Americans, get out your wallets. The silver collection plate wrought in Rome is poised to smack us in the head. More on that shortly, but first. . .
Breaking Broken News: "The Plane! The Plane!" Once the energized words announced energetically every week on TV's original "Fantasy Island" by (the tragically late) actor Herve' Villechaize, these words resurfaced in my mind when President Trump was offered a very pricey airplane by the government of Qatar. Unfortunately, immense legal -- constitutional -- questions may scuttle Trump's desire to accept this classic gift as a new Air Force One, raising objections from both Republicans and Democrats.
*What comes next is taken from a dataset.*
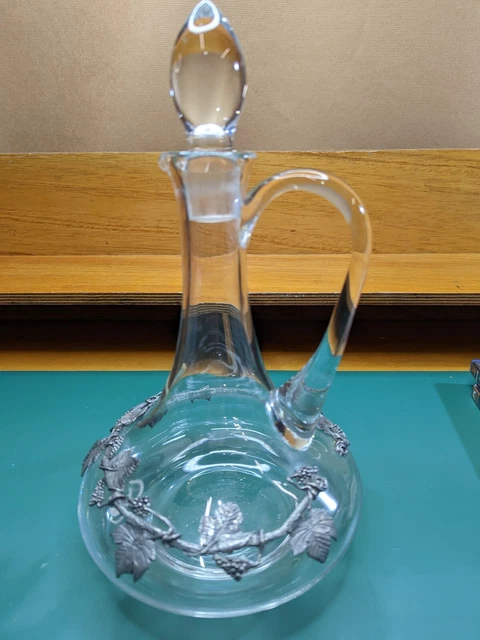 44 - CARAFE A VIN  avec  MOTIFS en ETAIN 30 cm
Personal note to the government of Qatar: Um, you don't know me, but I happen to be as American as Donald Trump, and I CAN accept gifts. I wouldn't dream of asking you for an aircraft. However, I would happily accept, say, a solid gold toilet, something cast off and no longer wanted for the palace? Hey, you don't even need to clean it first, just pack it up and FedEx it (at your expense, of course, thank you) to me. destination New York, USA. You won't actually need a shipping address, as I've every confidence that my own government's FBI will contact me directly, with or without the toilet in hand, so to speak. They always have questions about these things, as I'm sure you know. Oh, oh, by the way -- if I end up with some kind of gift tax in the USA, would you kindly pay that? Thank you so much. Sincerely, your American friend Robert, perfectly willing to whore out my integrity for a solid gold toilet. (Just one more thing: PLEASE do not have this treasure delivered by members of Hamas, whom you apparently know intimately. To be honest, I wouldn't know how much to tip them, for fear of tempting beheading territory, if you know what I mean.)
Now, on to today's crime watch issue:
Following a couple of days deliberating something or another by a gang of cardinals, "we" have a winner, to be known as Pope Leo XIV.
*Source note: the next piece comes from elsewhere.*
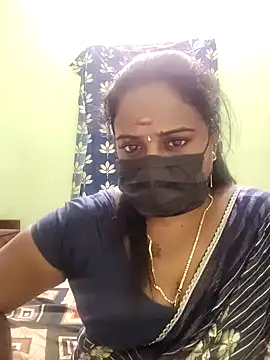 tam-queen1 online show from 11/11/25, 05:02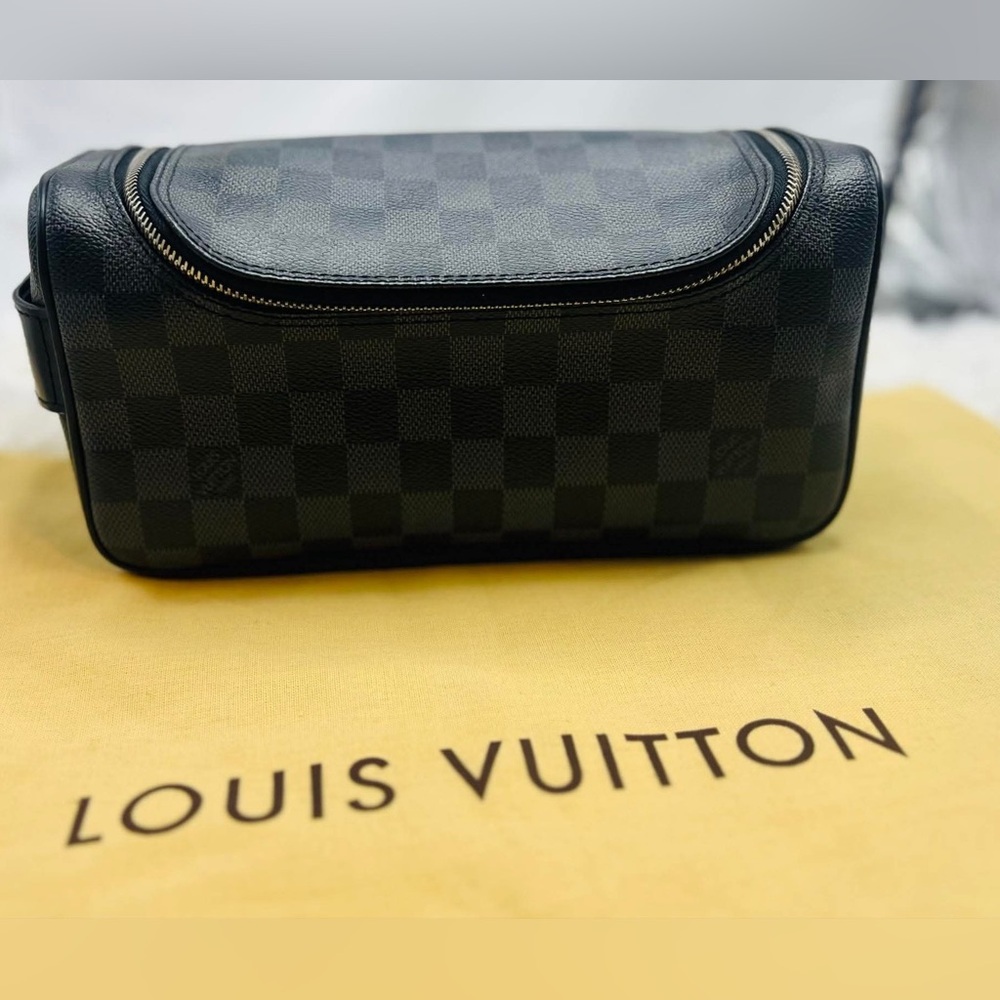 Louis Vuitton Damier Grafitte Toilette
Of course, we outsiders were unable to gain access to the conclave, but I suspect it all boiled down to something like this: "Hey, someday Trump will be gone and Democrats will return to power, so who's our best choice to assure a huge ongoing flow of open or covert government cash in the future?" asked many in unison.
As the cardinals returned to their senses following uninspired votes eliciting black smoke, they suddenly realized the perfect choice was sitting among them and his name was Robert something.
"There is no other choice," perhaps offered one member. "Not only does this one hail from Chicago, where monies of all nature have always been easy to obtain one way or another, but his American roots will guarantee government contacts whose powers of funding all manner of charities with American tax dollars, whether they like it or not, are immense! Remember, friends, Congress holds numerous Catholic congressional members, and they will wish to assure their eternal salvation by procuring funds for Church affiliates!"
The Pope, presumed middle-man between humans and God, a representative closer to thee and nearer to thy American money by default. It will be a short hop from the Vatican, to the USA, to Chicago, to D.C. Why plunder Vatican gold for the world's masses when America's Catholics in charge politically are ever so understanding, compassionate and charitable with other people's money? After all, even great American colleges and universities learned long ago to leave their vast, growing endowments untouched as students, their families and taxpayers were forced by legislation to pay the tab.
And so it may have been as most, concerned as much for the bottom line as for the suffering of Jesus himself, voted for the loved and respected Robert from the streets of Chicago, and he changed his costume and his name and transformed into a butterfly image with a respectable alias, and Robert would forever carry the a.k.a. of Pope Leo XIV. As it had been for centuries, the ancient puppet strings were back in play, but with a profound difference: This time, the far-reaching hands of The Church would lurk closer to the United States than ever before, and something as seemingly insignificant as a change in American political leadership was all the Church puppeteers needed. Indeed, patience will be a virtue, as surely as a chimney can be rigged to release puffs of virgin white smoke.
Hail a new pope, hail the Faithful, hail the Fantasy, hail Caesar, hail regalia, hail forced and deceptive charity from American taxpayers, and hail the non-stop influx of illegal immigrants continuing to kill off Western Europe with papal approval, the same papal approval impressed with Biden's illegal alien invasion of the United States.
Oh, what the hell. May as well hail Satan, too, as long as we're hailing everybody else. Playing favorites is just so risky.